- Exercise objective:
The records below are to be returned exactly as written, minus their pictures.

--- START ---

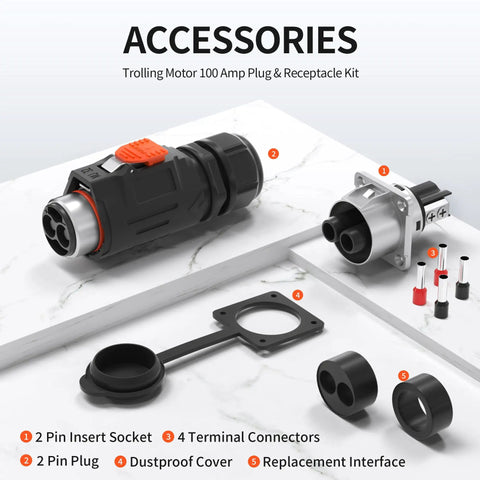 100 Amp Trolling Motor Plug And Receptacle Set With Fast Locking 2 Pin Circular Connector and accessories on white surface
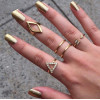 R-1149 European fashion style rhomb triangle arrows diamond ring sets
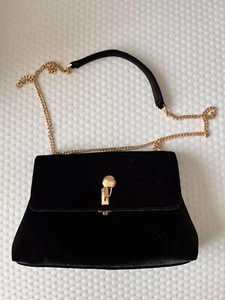 Schwarze Schulter Tasche mit goldenen umhänge in Samt - Bild 1 von 2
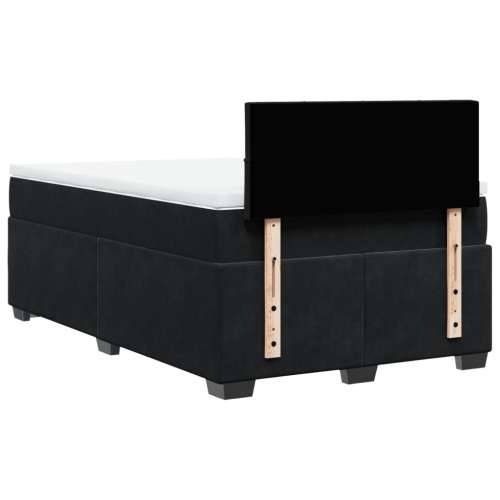 Box spring krevet s madracem crni 120 x 200 cm baršunasti - Crna 120 x 200 cm Blok s kvadratima Cijena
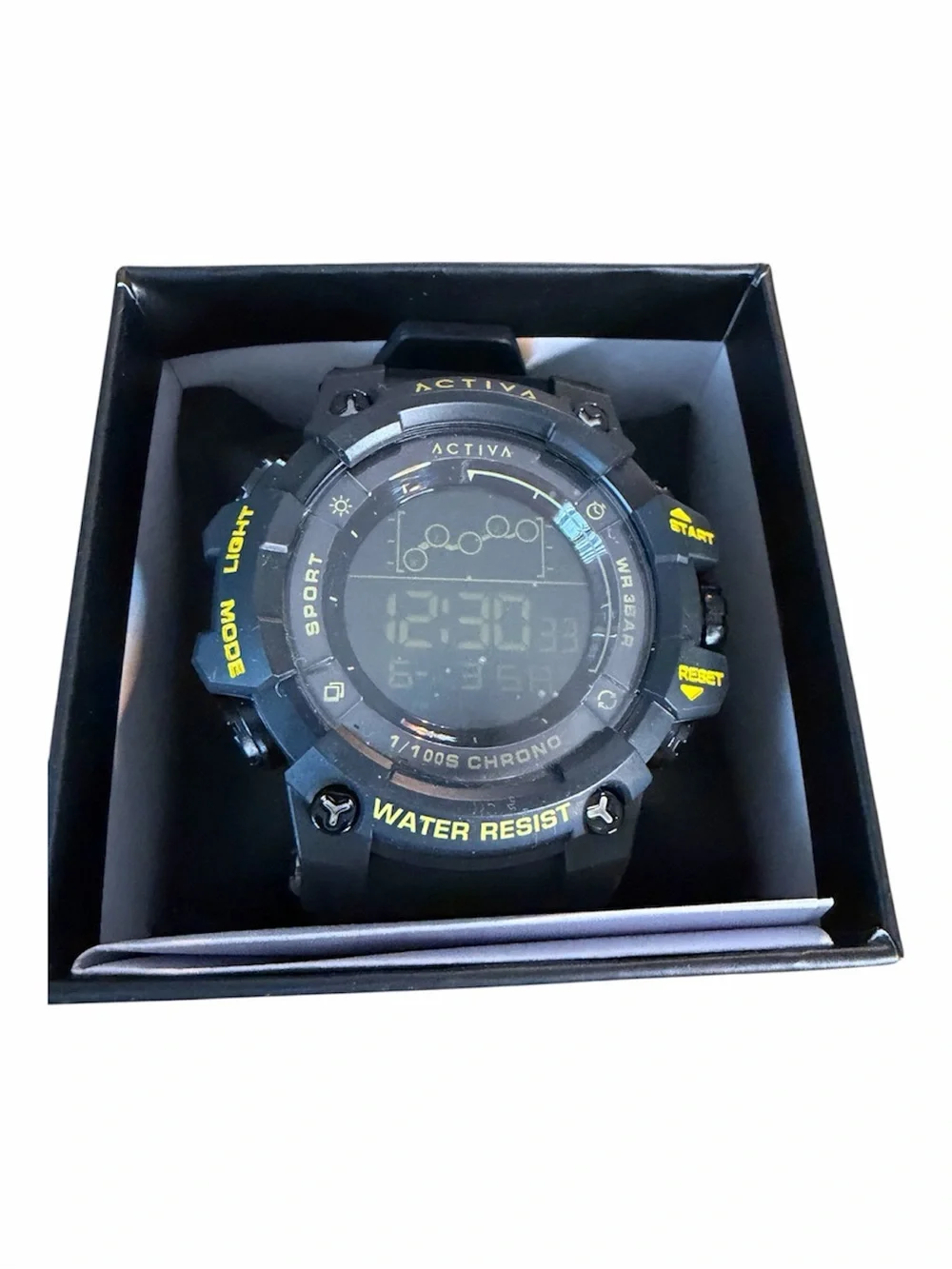 Activa X Invicta 50mm Digital Watch Black Gold Acw8082-026 Mens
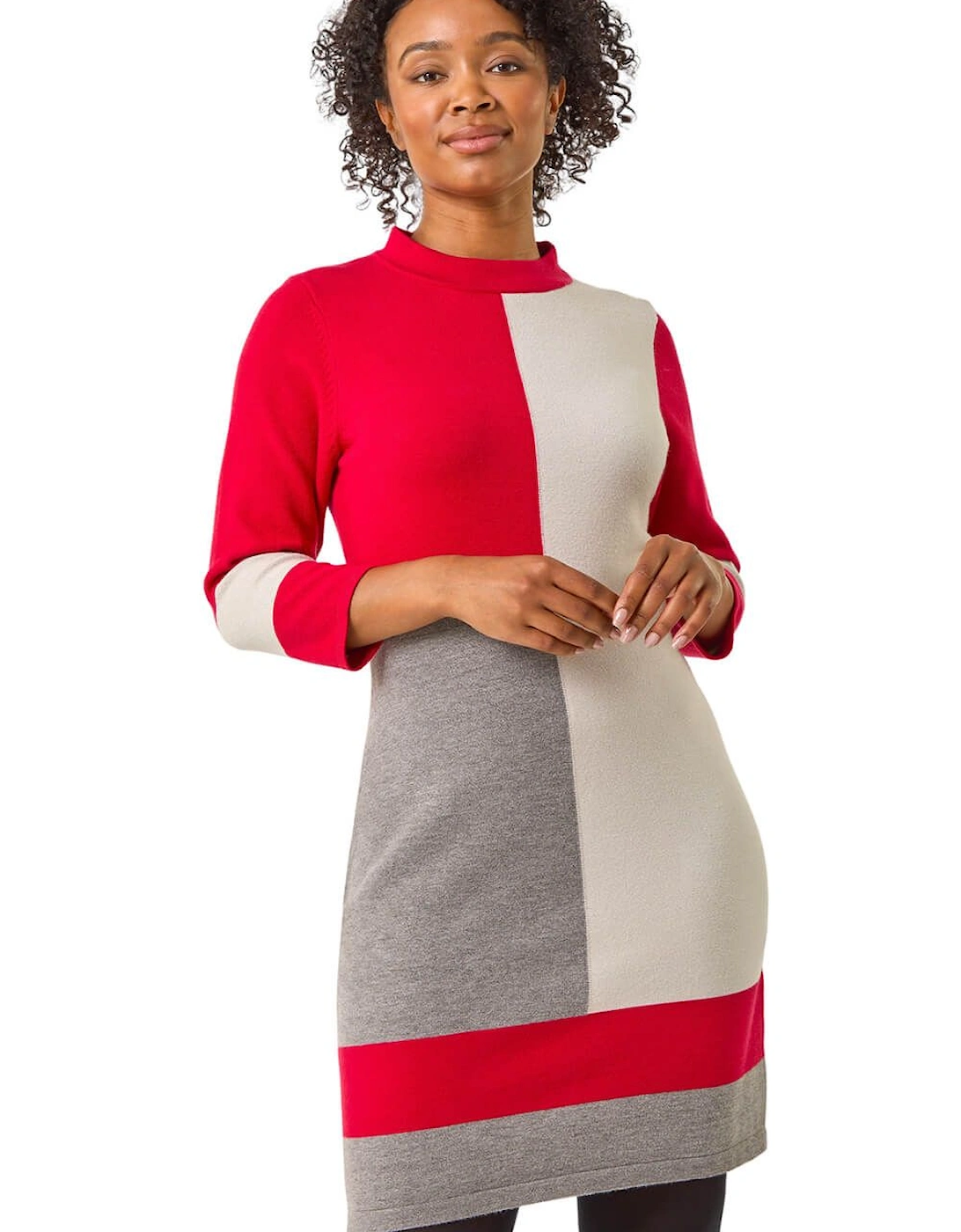 Petite Colour Block Knitted Dress, 2 of 1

--- END ---

- Task response:
 100 Amp Trolling Motor Plug And Receptacle Set With Fast Locking 2 Pin Circular Connector and accessories on white surface
 R-1149 European fashion style rhomb triangle arrows diamond ring sets
 Schwarze Schulter Tasche mit goldenen umhänge in Samt - Bild 1 von 2
 Box spring krevet s madracem crni 120 x 200 cm baršunasti - Crna 120 x 200 cm Blok s kvadratima Cijena
 Activa X Invicta 50mm Digital Watch Black Gold Acw8082-026 Mens
 Petite Colour Block Knitted Dress, 2 of 1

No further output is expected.